La Suisse à nouveau sous pression

L'ironie de l'histoire, en l'état actuel des choses, est la suivante : que le plus petit dénominateur commun des pragmatiques s’impose ou qu’une véritable révolution du système fiscal mondial se produise, le modèle économique de la fiscalité suisse des entreprises pourrait être de toute manière remis en question. Avec le compromis sur la réforme fiscale et l’AVS (RFFA) et le remplacement des anciens vecteurs de dumping fiscal par de nouveaux, notre pays continue de miser sur l’imposition, dans différents cantons suisses, de bénéfices réalisés par des multinationales à l’étranger. Non seulement la taxation des bénéfices globaux mais encore l’imposition supplémentaire ou la taxation minimale globale affecteraient cette stratégie. Le Secrétariat d'État aux questions financières internationales (SFI), qui négocie pour la Suisse, s'est par conséquent déjà prononcé contre ces diverses propositions. Une fois de plus, le Conseil fédéral tente de s’opposer à des avancées majeures dans le domaine de la fiscalité internationale. On peut toutefois se demander si la Suisse sera l'un des gagnants de ce cycle de réformes. Le gouvernement Trump, aux États-Unis, a par exemple déjà pris des mesures unilatérales pour empêcher les sorties de bénéfices du pays, et de nombreux États influents cherchent de nouvelles mesures multilatérales efficaces. Ils veulent ainsi éviter une « guerre des impôts » entre les différents États, comme c'est déjà le cas dans le domaine commercial entre les États-Unis et la Chine.

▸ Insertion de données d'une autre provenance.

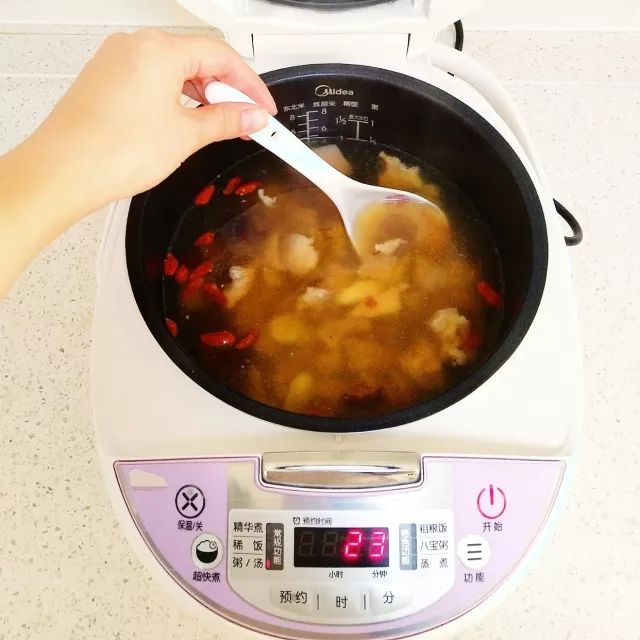 Qi Deficiency, Tooth Marked Tongue, and Spleen-Stomach Weakness: Try This Soup!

Le Conseil fédéral et le Parlement ont mis la plus grande énergie à utiliser jusqu’à la limite la marge de manœuvre économique et sociopolitique disponible pour mettre en place de nouvelles règles dans le cadre de la RFFA. Il se peut malgré tout que ces dernières seront déjà dépassées à l'été 2020, lorsque les États du Cadre inclusif voudront présenter les résultats de leurs négociations.

 

Le système Facebook

Facebook ne paie pas ses impôts là où il devrait le faire selon les règles du système fiscal international, mais là où il le veut. En d'autres termes, là où le groupe doit payer le moins. Selon The Guardian, Facebook a réalisé des ventes de 1,3 milliard de livres sterling au Royaume-Uni en 2017, mais n'a payé que 15,8 millions de dollars en impôts, soit à peine 0,62 %. Alors que Facebook a converti 50 % de ses ventes mondiales en bénéfices imposables, ce taux n'était que de 5 % au Royaume-Uni. On soupçonne que cette très faible productivité de Facebook UK en comparaison internationale s’explique par des transferts de bénéfices et que Facebook a déclaré aux autorités fiscales britanniques un bénéfice nettement moindre qu’effectivement réalisé. On peut supposer que les bénéfices manquants ont été déclarés dans les territoires britanniques d'outre-mer, en Irlande ou au Luxembourg, où l'imposition effective des bénéfices est très faible voire avoisine zéro.